Si bien es justo reconocer que la arquitectura y la urbanización de lo público han salvado la cara la mayoría de las veces, también hay que admitir que en ocasiones se ha pecado por exceso y falta de criterio. Sorprende comprobar, por ejemplo, cómo otros países europeos más ricos han resuelto el encuentro entre el mar y la tierra con senderos peatonales, zonas de estacionamiento controladas, protección de áreas de interés biológico, en lugar de los fastuosos paseos marítimos profusamente alicatados y floridos que flanquean el litoral urbano peninsular.

Si se tiene conciencia de que el problema, en mayor o menor grado, está muy extendido, debe llegarse a la convicción de que es necesario un acuerdo en torno a la construcción del territorio. Un acuerdo no sólo político, sino también ciudadano, profesional, empresarial, en el que el esfuerzo territorial se imponga como pauta a seguir: del mismo modo que los ayuntamientos reciben mayores recursos en proporción al esfuerzo fiscal que realizan, las administraciones, organismos, colectivos que atiendan al interés general en la ordenación del territorio, en la adecuación del planeamiento, en la conservación de los núcleos, en el mantenimiento y promoción del patrimonio, en la innovación tecnológica, en la protección del medio, en la mejora de la calidad de la arquitectura, han de ver reconocido su trabajo y recibir más apoyo efectivo en las inversiones y subvenciones autonómicas, estatales y europeas. Un acuerdo también en cuanto a unos perfiles de planeamiento que puedan ser asumidos mayoritariamente: infraestructuras que sirvan para conectar partes de la ciudad y del territorio, y no sólo para pasar coches; fórmulas que garanticen la calidad y disponibilidad del espacio público; estudios económicos y de impacto del coste real del modelo de ciudad por el que se opta y su repercusión sobre el erario público, la preservación de los espacios naturales y del patrimonio, entre otras cosas.

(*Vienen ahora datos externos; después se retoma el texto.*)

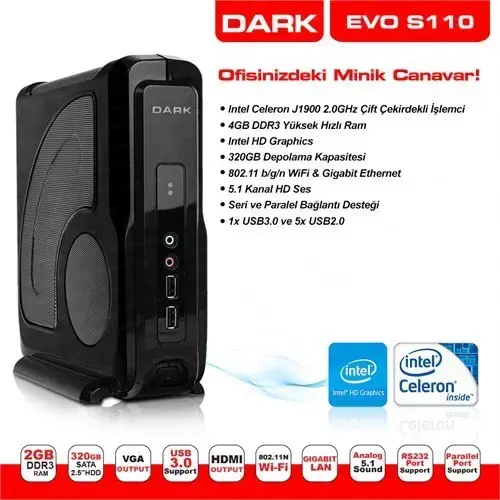 Dark EVO S110 Intel Celeron J1900 4GB 500GB,VGA/HDMI, USB3.0 Mini-ITX PC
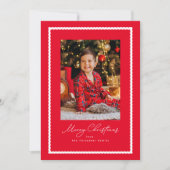 シンプルな赤と白のフレームのクリスマス写真 シーズンカード (正面)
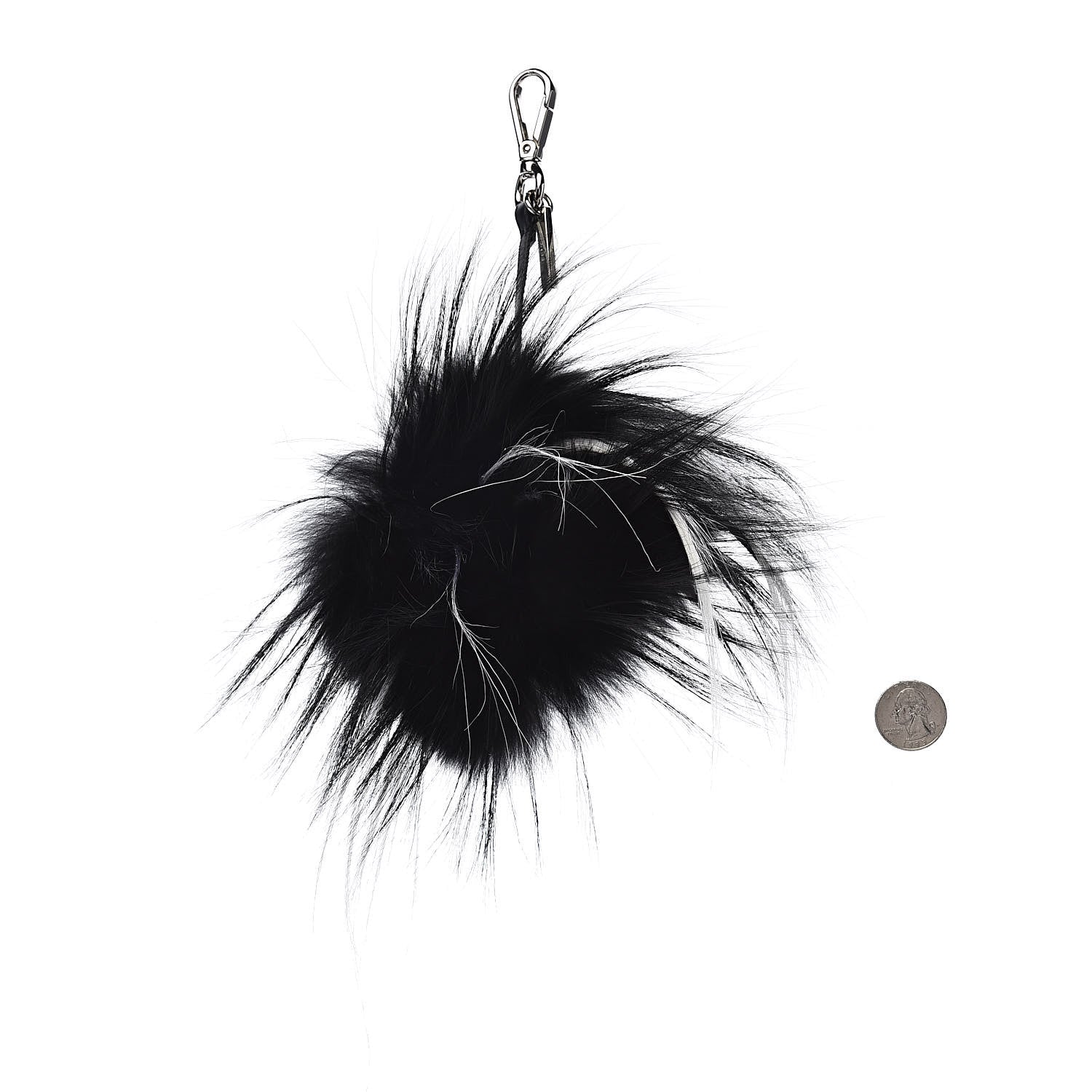 Fendi Goat Fox Fur Calfskin Studded Eye Monster Bag Bug Cube Charm Black 2 of 4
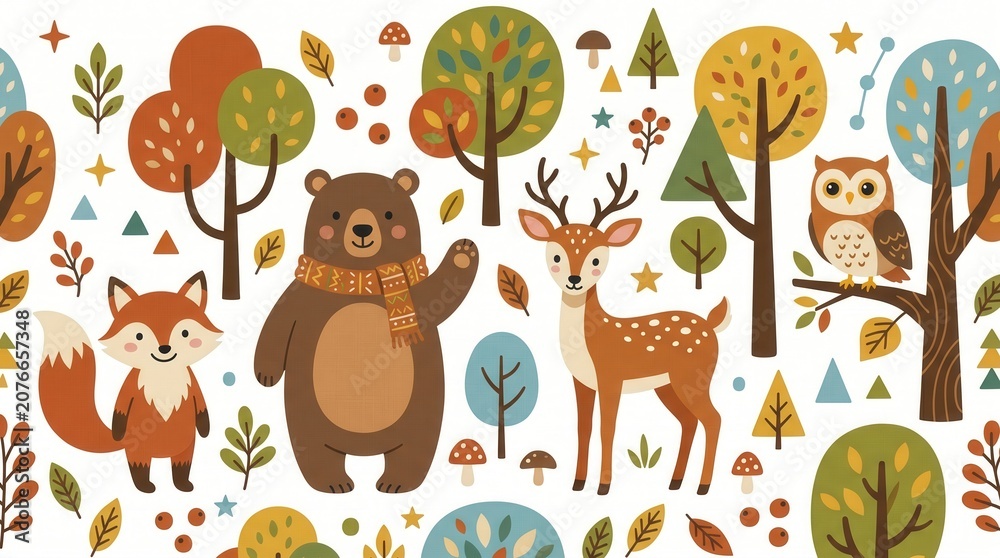 Fototapeta premium Cute cartoon fox, bear, deer, and owl stand among colorful autumn trees and leaves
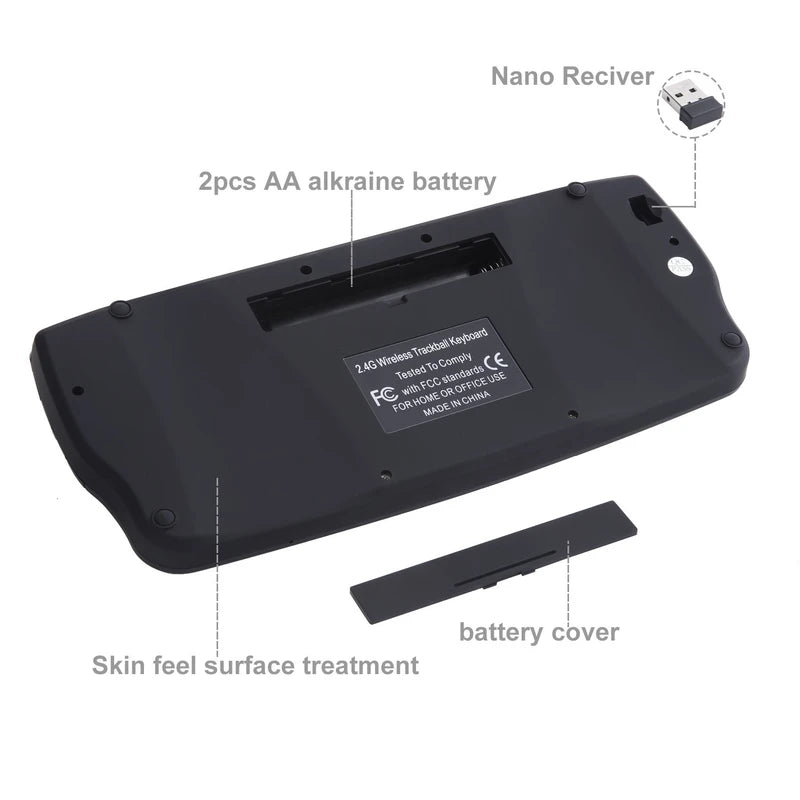 Fonicer [Updated] Multimedia 2.4Ghz Wireless Mini Keyboard with Trackball Mouse Scroll Wheel for PC/Mac/Android Tv Box, Remote Controller,X Structure，QWERTY UK Layout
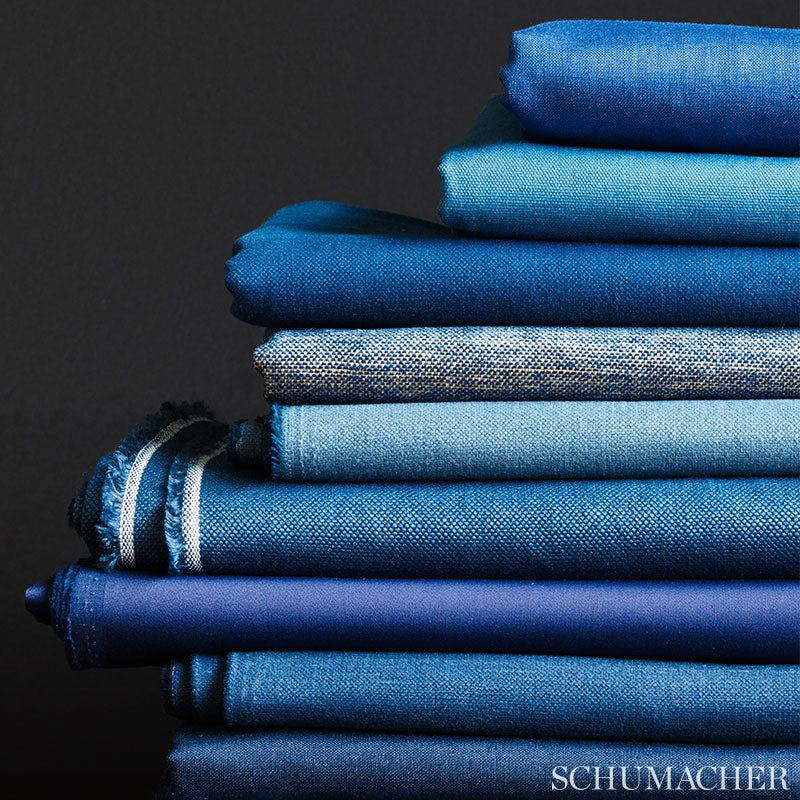 LANGE-GLAZED-LINEN-MARINE-SCHUMACHER-69347 - Schumacher Fabric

El nuevo desarrollismo, fruto de la prosperidad, se ha llevado definitivamente por delante la sutileza que, en un mundo más pobre que el actual, caracterizaba la arquitectura y la ordenación popular, y también el sentido cultural de la arquitectura burguesa de encargo. Siempre se podrán aducir razones sociológicas o motivos generacionales, cuasi-antropológicos, para explicar lo que ha sucedido en las últimas décadas, pero parece que en materia de urbanización de la ciudad y del campo podemos sacar la conclusión de que sólo se aprende a base de errores. No se ha perdido la batalla. La bella y la bestia están llamadas a entenderse y, como en el cuento, quizá puedan terminar por amarse. La democracia, que ha conseguido extender el bienestar, tiene ahora que ocuparse de lo físico, del territorio, de nuestra casa colectiva. Y esto va a exigir, ante todo, un esfuerzo educacional.

Xerardo Estévez es arquitecto.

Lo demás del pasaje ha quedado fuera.